Jusqu'à une période récente, le Droit se présentait en Europe comme un pavage de Droits nationaux. Chacun d’eux constituait un système clos sur lui-même et possédait, avec le droit international privé, son propre outil (national) de communication avec tous les autres.
Ce tableau a beaucoup changé durant ces trente dernières années. Certes le tropisme national continue de dominer l’étude du Droit, mais il a perdu de sa force pour des raisons à la fois internes et externes à l’Europe. Internes avec l’emprise désormais considérable d’un droit élaboré hors des cadres nationaux (essentiellement par la Commission européenne et la Cour de justice de l’Union et, dans une faible mesure, la Cour européenne des droits de l’Homme).

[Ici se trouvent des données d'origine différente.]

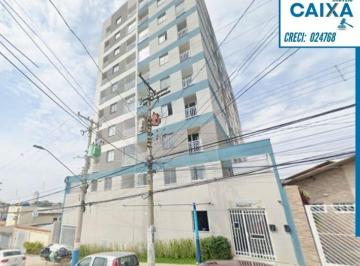 Apartamento de 1 quarto, São Paulo · Apto de leilão CAIXA em ITAQUERA/SP - desconto de 38,77%
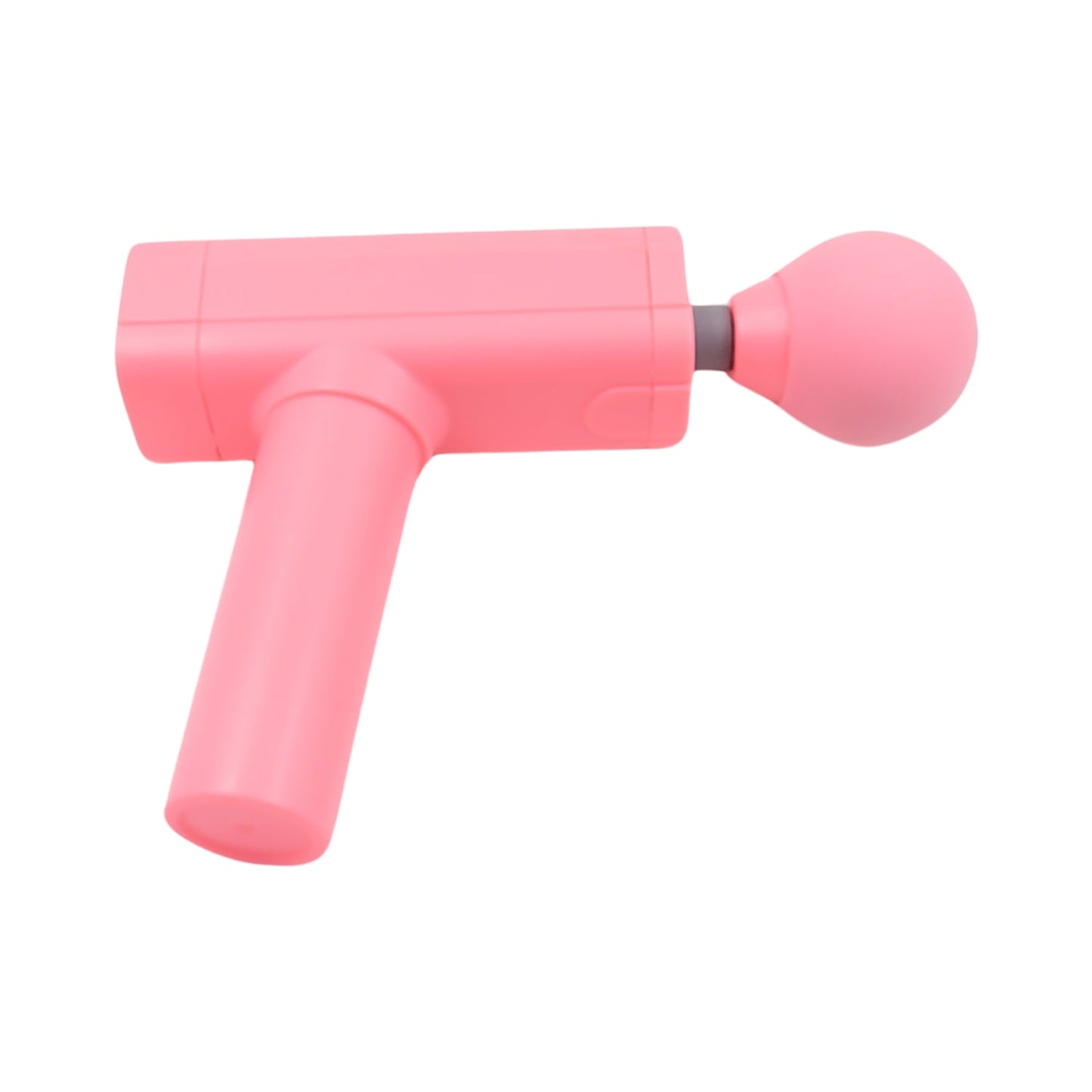 Massage Gun Deep Relax, Powerful Muscle Massager, USB Chargeable (1 Pc) - infinityexculsivestore.com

Externes avec la fin des empires européens, l’effacement des frontières du commerce et la montée corrélative en puissance de droits individuels détachés de leurs cadres nationaux et de nouveaux juges internationaux (Cour pénale internationale, Organe d'appel de règlement des différends de l'Organisation Mondiale du Commerce).
Cette internationalisation du Droit soulève de nombreuses questions, concernant notamment le statut des droits de l'Homme, l'inscription territoriale des lois, la souveraineté nationale ou la nature du droit européen.
Ce sont ces questions qui font ici l'objet d'un dialogue entre Mireille Delmas-Marty et Alain Supiot, puis d'un débat ouvert avec les auditeurs présents.

La part de la morale. Avec Paul Ricoeur et Monique Canto-Sperber à Répliques sur France Culture.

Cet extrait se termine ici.